As I mentioned before, I lost my sewing mojo at the end of summer and start of fall. Usually around this time I’d be buzzing with ideas for new, colder weather sewing projects – coats! sweaters! warm running and cycling gear! party dresses! But with shielding continuing long throughout the winter, I literally have no need of any of those things, and my wardrobe is already bursting with clothes (I literally don’t need any more clothes).
So I didn’t sew for quite a while, because I’ve learned in the past that it’s useless to try and force it. So I worked on my loom knit sweater (I’m on the second sleeve, nearly done!), bought some air dry clay and played with that for the first time in 20+ years, and made a few practical things, which I’ll detail here.
I lied – I did need one particular piece of clothing – a pair of lounging trousers that I could throw on for lazy weekend mornings, or after I’ve changed out of my sweaty exercise gear at night. Something comfortable enough to lounge in (or occasionally sleep in), and that wouldn’t show too many spills or cat hair!
So I pulled out a one-seam PJ pattern, which is from this Thriftystitcher online course (now 50% off if you know anyone who wants to learn to sew!). I used some Japanese cotton leftover from the accents on this robe, and they are exactly what I needed them to be.
New sewing room lighting
Around this same time, the light fixture in my sewing cave was giving up the ghost. I don’t know how screwed up things have to be to actually blow out LED bulbs, but mine was doing it! Also, the smell of electrons told me I needed to fit a replacement, fast.
So I waded through the sea of ugly light fixtures online (oh god, so much ugly!!) to find a set on Wayfair that has little cages instead of directional hoods so on top of looking nicer, it’s a million percent brighter in there now, too!
(Don’t worry, I painted and filled the ceiling after this photo was taken!)
A headband for the shower
Seamwork released a holiday gift collection full of little projects you could sew with scraps and send as gifts, and I was drawn to the twisted Drew headband.
It only required a few scraps of jersey (leftover from my recent lingerie set), a few inches of elastic, and about 15 minutes.
I tend to wash my hair every other day, so the days I’m not washing it I use a headband to keep my fringe (bangs) out of my face while I’m in the shower. My previous headband I’d made at least 10 years ago and was starting to lose its stretch so this one fills a need and looks nice, too!
My clay plant pot
I’d had pottery classes in high school where we learned slab, coil, and wheel techniques, but I haven’t really touched clay since then, even though I used to be really good at it! For some reason over lockdown I felt the urge to play with clay again but knew I didn’t want anything that required a kiln, or that was the plastic stuff.

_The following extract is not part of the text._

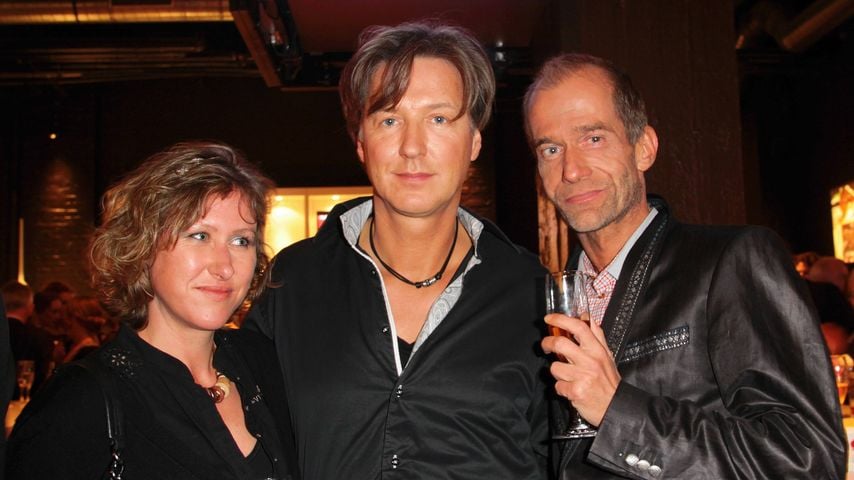 Martin Armknecht mit Freundin Myriam Muehlenbusch und Georg Uecker bei der Weltpremiere von "Kein Pardon – Das Musical", 2011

I found this Sio-2 Plus air dry clay on Amazon, and it’s wonderful! It handles and feels just like “real” clay, it takes a really long time to dry (4 days for mine) so you’ve got plenty of time to work with it, and you can paint it afterwards, too.
I just wanted to get started with a little coil plant pot, though it’s taking me ages between all the steps (it’s painted now but needs sealing before I can transfer a plant baby into it).
My second sleeve!
I started loom knitting my self-drafted sweater last October (yes really), but the end is finally in sight! I finished the body of the sweater this spring, the first sleeve this summer, and I’m making great progress on the second sleeve. After this I need to seam it all together, which I’ve never done before, and then add a loose collar!
A Turbo trainer bag
And finally, a project that’s equally niche and practical – a bag to hold our Atomic Pi onto the turbo trainer bike. This is a long, long story but the short version is that Garmin bought out our turbo trainer’s company, End of Lifed all but the newest models, and still let shops sell the old ones even though they couldn’t even be calibrated (fuck Garmin so hard). So J did some excellent internet research, found an open source project that would support our turbo, and installed it on a little Atomic Pi computer so I can Zwift (my new lockdown obsession). And boy do I use it!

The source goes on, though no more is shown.